Platforma cro.pl© Chorwacja online™ - podróżuj z nami po całym świecie! Odkryj Chorwację i nie tylko na forum obecnych i przyszłych Cromaniaków ツ

Dolny Śląsk i nieco dalej... (Gochy)

W Polsce znajduje się największy ceglany zamek świata - pokrzyżacki zamek w Malborku. Radom ma znacznie większą powierzchnię niż stolica Francji – Paryż. Pierwszą polską książkę kucharską, która zachowała się do dnia dzisiejszego wydano w 1698 roku. Polska posiada drugi najstarszy uniwersytet w Europie - Uniwersytet Jagielloński został założony przez króla Kazimierza Wielkiego w 1364 roku. Polska konstytucja była pierwszą w Europie i drugą na świecie - powstała zaraz po konstytucji Stanów Zjednoczonych.
dangol
Weteran
Avatar użytkownika
Posty: 12745
Dołączył(a): 29.06.2007
Re: Dolny Śląsk i nieco dalej... (Zalipie)

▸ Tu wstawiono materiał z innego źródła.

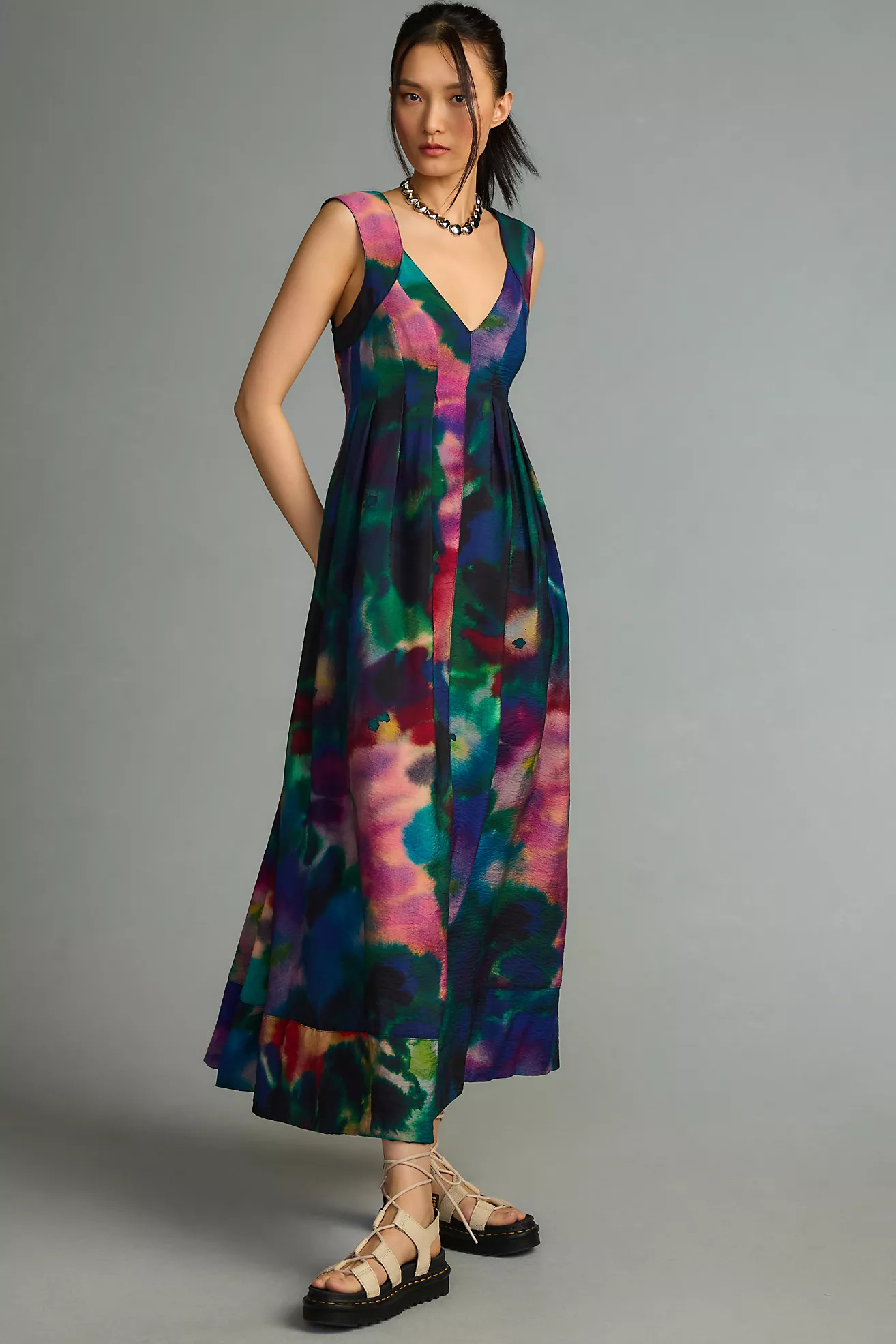 By Anthropologie Printed V-Neck Pleated A-Line Dress | Anthropologie (US)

Nieprzeczytany postnapisał(a) dangol » 12.06.2023 10:14

BBW 2023

Tradycyjnie, jak od wielu już lat, na długi weekend w okresie Bożego Ciała nasi panowie wybierają się tylko w męskim gronie, kobitki natomiast mają w tym czasie BożoCielny Babski Weekend :D . Faceci zaczęli swe wypady sporo przed nami – ktoś przecież musiał zajmować się małoletnimi dziećmi, a my łaskawie :wink: przyznałyśmy wolne naszym mężom. Przyszedł jednak taki czas, że nie musiałyśmy zostawać w domu :) , od 2007 roku również był nam dany coroczny wypad w tym terminie (nie byłam tylko na jednym BBW).
W tym roku padło na Sandomierz, do którego rok temu z Gór Świętokrzyskich było ciut za daleko. W ten sposób zrealizowałyśmy marznie jednej z wielokrotnych uczestniczek naszych wypadów, która zresztą w związku z tym poczuła się odpowiedzialna za znalezienie noclegów w Sandomierzu i z sukcesem się za to zabrała :D , gdy już została ustalona ostateczna liczba uczestniczek tegorocznych. Ja z ochotą wzięłam się za opracowanie propozycji zobaczenia czegoś niedaleko Sandomierza (samo miasto miałyśmy zwiedzić przez dwa dni spontanicznie :lol: ). Nie ukrywam, że moje zadanie było znacznie ułatwione :D dzięki relacji Marzeny :papa: , tyle że już na etapie planowania :roll: mocno ograniczyłam ilość zabytków do zobaczenia, a w praktyce jeszcze kilka z planu wypadło :oczko_usmiech: .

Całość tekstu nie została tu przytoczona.